Jewish funerals don’t use coffins and instead the body is just buried in the ground. The purpose of this is to return the body to the ground where it came from. Gravestones are lying down on the ground over the body. The ten commandments on two stones are placed where the head of the person would be. The graves all face Jerusalem. There is a lit candle at the back of the grave that symbolizes their soul. For seven days after the death (called the shiva), the entire family sits in the house of the deceased. They don’t work and don’t cook but just share stories of the person. The door is meant to always be open so that neighbors can come in to bring food and hear stories. The full mourning period is thirty days where there are other restrictions such as not shaving.

For graveyards, you always have to exit in a different way than how you entered, otherwise the spirits will follow you out. When someone visits a grave, they find a rock to leave as a gift to the deceased.

Context:

The informant is from an Orthodox Jewish family. They heard a lot of these traditions/rituals from their parents and the community around them or from visiting the graves of their family members. The Informant said they haven’t experienced a shiva before but that they regret missing it for their recently deceased grandmother. The informant likes the concept of the shiva because it is a celebration of life and remembering a person rather than being sad. They also like the graveyard ritual of leaving a different way than how you entered because it is fun, not because they believe in ghosts. The informant said that as a kid, they would paint rocks to gift to their deceased family members as a way to commemorate the things they remembered about the person.

Analysis:

The placement of gravestones on top of the body could be interpreted as them keeping the person in the ground.
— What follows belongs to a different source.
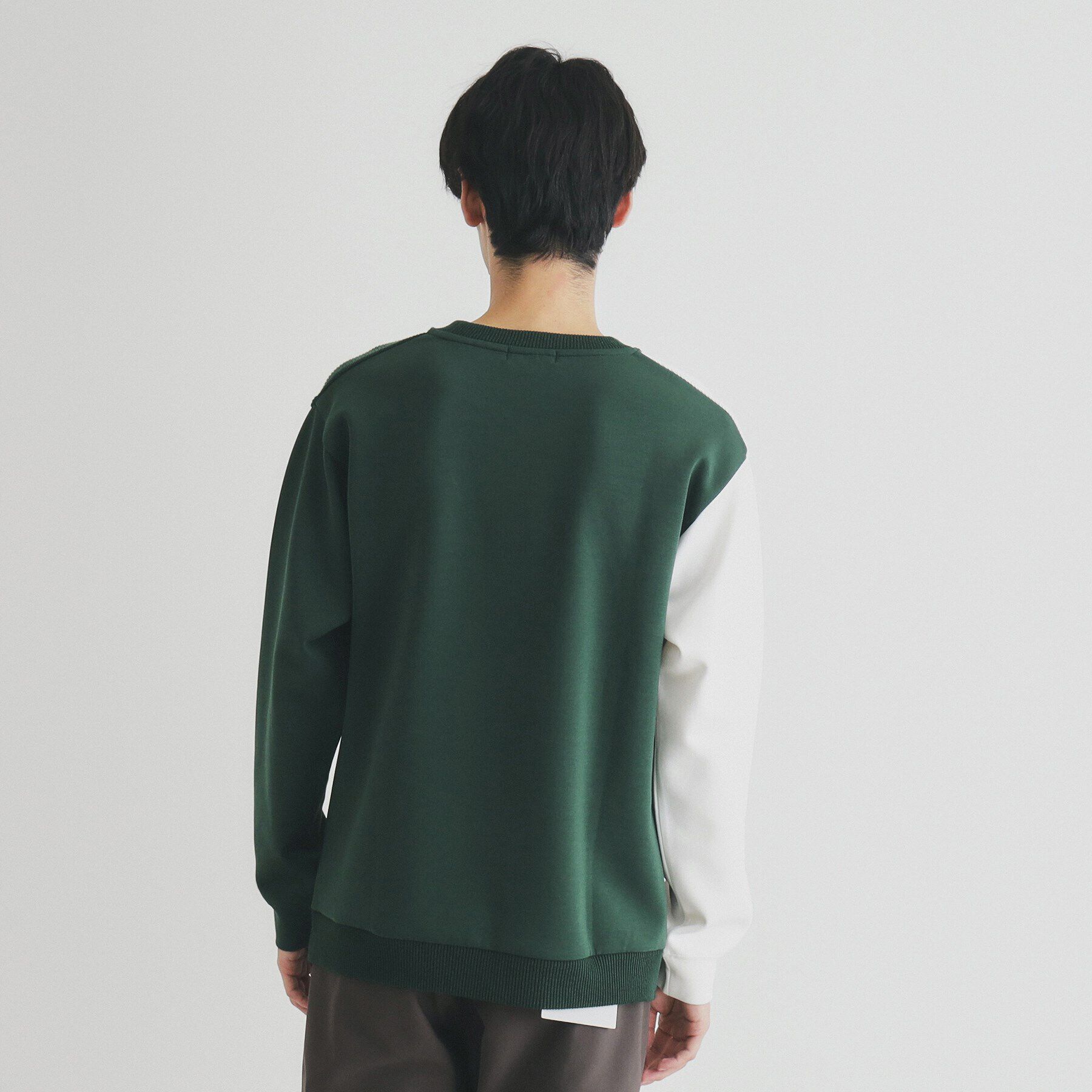 THE SHOP TK「異素材ブロッキングニットプルオーバー」|ニット・セーター|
As the culture also is afraid of spirits following a person out of a graveyard then it is not impossible that there could also be a fear of someone rising out of the ground. Putting the person in the ground without a coffin and pointing them towards Jerusalem likely both have religious significance. A person might not be able to rest in Jewish culture unless they have no barrier between them and the Earth. Jerusalem is the promised land to Jewish people so pointing them towards the most significant place within the religion might be to help the spirit back to there in death.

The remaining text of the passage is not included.